EXERCISE OBJECTIVE – Starting at the line with "Young laughing hugging", copy each line through the last one below exactly as written, without any pictures.

SOURCE MATERIAL START

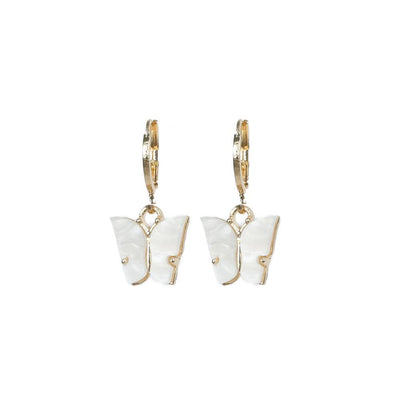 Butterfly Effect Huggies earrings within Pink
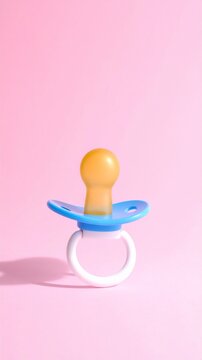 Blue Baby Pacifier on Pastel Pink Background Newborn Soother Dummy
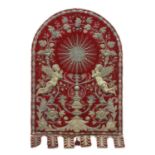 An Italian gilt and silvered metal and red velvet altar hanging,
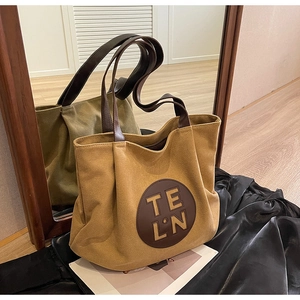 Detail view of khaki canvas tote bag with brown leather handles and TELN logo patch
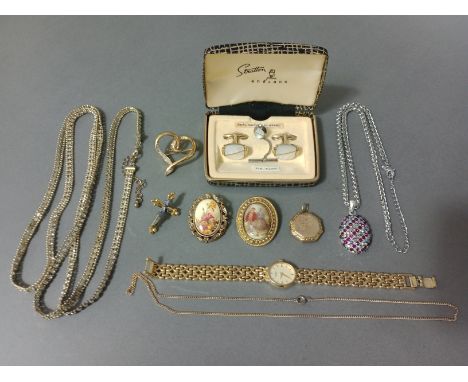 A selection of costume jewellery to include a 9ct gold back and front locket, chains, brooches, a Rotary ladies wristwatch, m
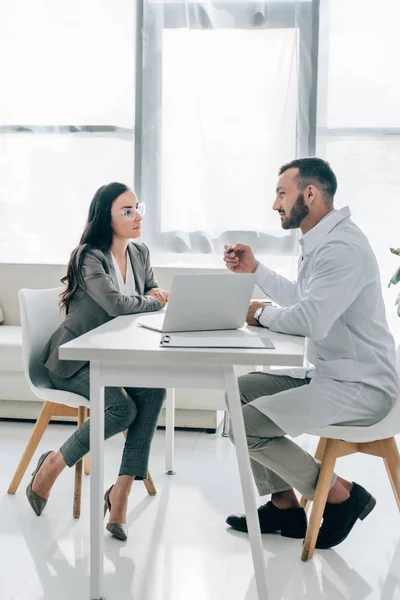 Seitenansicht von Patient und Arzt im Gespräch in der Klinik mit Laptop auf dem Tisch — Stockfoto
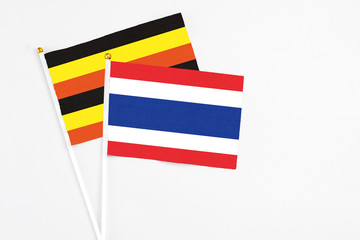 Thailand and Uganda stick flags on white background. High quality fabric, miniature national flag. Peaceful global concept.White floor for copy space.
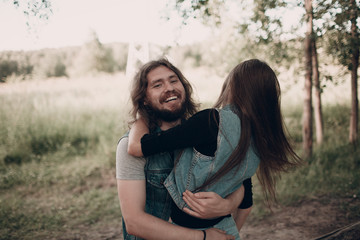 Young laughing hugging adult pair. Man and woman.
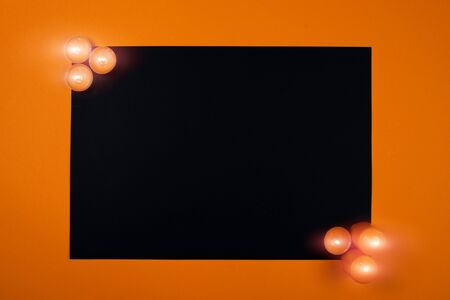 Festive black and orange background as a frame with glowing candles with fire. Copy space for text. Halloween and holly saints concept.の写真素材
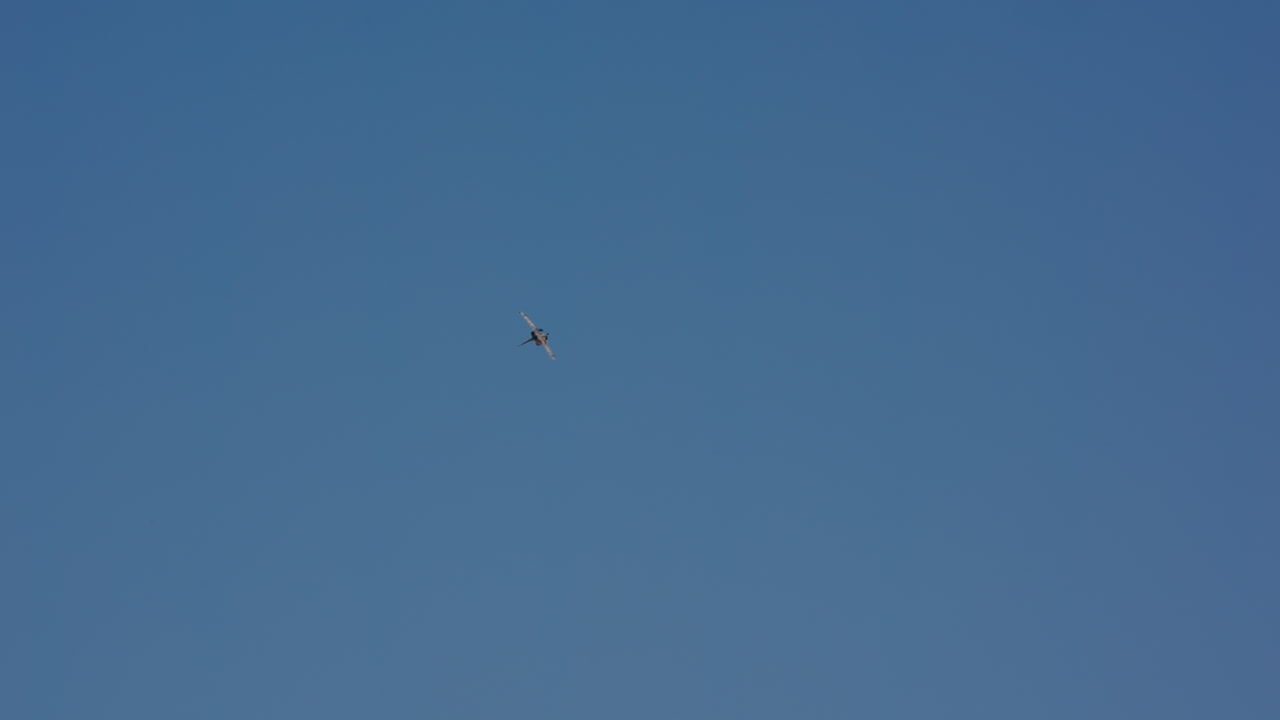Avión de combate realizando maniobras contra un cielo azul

SOURCE MATERIAL END

WRITTEN RESPONSE –
 Young laughing hugging adult pair. Man and woman.
 Festive black and orange background as a frame with glowing candles with fire. Copy space for text. Halloween and holly saints concept.の写真素材
Avión de combate realizando maniobras contra un cielo azul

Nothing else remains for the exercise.